Public Interest News Bulletin: April 15, 2011

This week’s Bulletin, cats and kittens, is shorter than normal.  But it’s packed with legal services funding news, including: how LSC $ cuts will affect New York programs; Equal Justice Works’s CEO David Stern talks public interest careers; a look at the fiscal challenges confronting Western Massachusetts Legal Services; coverage of the FY2011 federal budget agreement which pared down LSC funding by about 4%; a law school/legal services partnership provides pro bono services to those who serve in uniform; Wisconsin may cut all state funding for civil legal services. 

  • 4.14.11 – a New York Law Journal piece looks at the impact the Legal Services Corporation funding cuts will have on Empire State legal services providers.  (Note: the LSC funding cuts are covered in item 4 below.)  From the NYLJ: “Even though a $15.8 million funding cut for the Legal Services Corp. included in a federal budget agreement is smaller than legal aid advocates had feared, the reduced funds will be acutely felt by New York groups already struggling with state funding cuts…. New York City-based Legal Services NYC will suffer the biggest cut in LSC funding, losing $701,411. That will probably mean having to let go of six or seven lawyers or paralegals, according to Raun J. Rasmussen, the chief of litigation and advocacy for the 220-lawyer group.”  The piece goes on to detail how cuts will affect other LSC grantees in New York.
  • 4.12.11 – our friend David Stern of Equal Justice Works is profiled in the Washingtonian’s “Capitol Comment” blog.  David explains how his career path took him to Equal Justice Works’s helm, and offers a criticism of legal education’s emphasis on cold, analytical thinking: “Unfortunately, yes, law school strips [the desire to practice in public interest] away in many respects.
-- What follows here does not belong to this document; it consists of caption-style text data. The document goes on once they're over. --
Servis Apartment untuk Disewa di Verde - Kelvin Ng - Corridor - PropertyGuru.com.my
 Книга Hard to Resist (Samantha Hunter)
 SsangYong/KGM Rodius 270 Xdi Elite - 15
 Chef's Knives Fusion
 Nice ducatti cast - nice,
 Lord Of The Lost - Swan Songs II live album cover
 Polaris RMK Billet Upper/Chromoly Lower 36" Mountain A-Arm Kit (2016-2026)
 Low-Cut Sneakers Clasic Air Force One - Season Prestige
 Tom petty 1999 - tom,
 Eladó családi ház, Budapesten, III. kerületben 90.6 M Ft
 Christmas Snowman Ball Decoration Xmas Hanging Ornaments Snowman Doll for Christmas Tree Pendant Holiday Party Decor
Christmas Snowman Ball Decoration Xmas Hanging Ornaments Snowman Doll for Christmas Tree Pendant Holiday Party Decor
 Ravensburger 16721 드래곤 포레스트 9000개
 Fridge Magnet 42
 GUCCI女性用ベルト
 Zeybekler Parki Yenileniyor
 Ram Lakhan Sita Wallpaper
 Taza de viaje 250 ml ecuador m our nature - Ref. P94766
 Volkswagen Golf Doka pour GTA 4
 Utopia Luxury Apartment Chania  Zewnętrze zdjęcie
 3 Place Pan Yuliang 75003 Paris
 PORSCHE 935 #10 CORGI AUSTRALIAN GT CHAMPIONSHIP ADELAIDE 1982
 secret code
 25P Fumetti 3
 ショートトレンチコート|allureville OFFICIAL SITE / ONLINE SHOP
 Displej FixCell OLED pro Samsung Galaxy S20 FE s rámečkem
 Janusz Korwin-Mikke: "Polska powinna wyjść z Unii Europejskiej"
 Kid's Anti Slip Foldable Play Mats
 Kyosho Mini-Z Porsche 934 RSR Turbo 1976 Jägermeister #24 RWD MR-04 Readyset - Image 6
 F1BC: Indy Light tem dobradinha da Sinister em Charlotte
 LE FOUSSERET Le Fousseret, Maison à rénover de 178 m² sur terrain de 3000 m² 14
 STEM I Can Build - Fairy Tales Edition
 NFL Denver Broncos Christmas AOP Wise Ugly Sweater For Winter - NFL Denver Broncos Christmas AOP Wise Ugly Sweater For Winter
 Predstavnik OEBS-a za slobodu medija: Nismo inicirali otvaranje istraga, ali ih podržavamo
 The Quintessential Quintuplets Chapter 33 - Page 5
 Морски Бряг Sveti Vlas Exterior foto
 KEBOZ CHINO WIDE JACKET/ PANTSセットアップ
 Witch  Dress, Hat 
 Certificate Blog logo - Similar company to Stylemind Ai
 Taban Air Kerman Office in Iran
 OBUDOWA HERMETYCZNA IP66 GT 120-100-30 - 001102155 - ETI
It tries to teach lawyers to think in sterile, analytical ways without a lot of heart. There’s also a lot of competition in law schools for those coveted six-figure-salary jobs, and so people are malleable, they’re generally young, and all of these activities—the sterile thinking, the going after the coveted job, the very large educational debt—often strips away those public-service aspirations. Our job is to keep those embers burning.”  Bonus trivia: quite aside from being one of the nation’s most vocal advocates for the value of public interest work, David’s a pretty solid softball player.  Good glove, surprising power, and he can pitch.
  • 4.12.11 – the Blog of the Legal Times reports on the federal budget compromise’s impact on Legal Services Corporation funding (which we also blogged about earlier this week).  From the BLT: “The bipartisan deal on the federal budget includes a $15.8 million midyear cut for the Legal Services Corp., according to new details released on Tuesday. The cut is smaller than the $70 million that House Republicans proposed to take in February from the Legal Services Corp., which is the nation’s largest funding source for civil legal aid to the poor. Still, program officials had hoped to avoid any cut because demand for legal aid has increased during the economic downturn. Legal Services Corp. received $420 million from Congress last year, so the cut represents a 3.8% reduction in its full-year budget. But because the federal government’s fiscal year began Oct. 1, officials will need to find the money with more than half the year already passed.”  Also, here’s LSC’s press release about the funding cut.
  • 4.11.11 – the Jacksonville Daily Record looks at a terrific pro bono project that serves Army reservists with legal needs.  In particular, volunteer law students and attorney help reservists, who can be called up to active duty on very short notice, with “the creation of advance directive documents: Durable Power of Attorney, Health Care Surrogate Designation, Designation of Preneed Guardian, a Living Will and a Simple Will.”  The model for this program, set up by Jacksonville Area Legal Aid and Florida Coastal School of Law, is simple and easily replicable.  The “legal teams” consisted of a volunteer attorney and a law student, and they worked off of laptops that had the necessary form templates loaded on to them.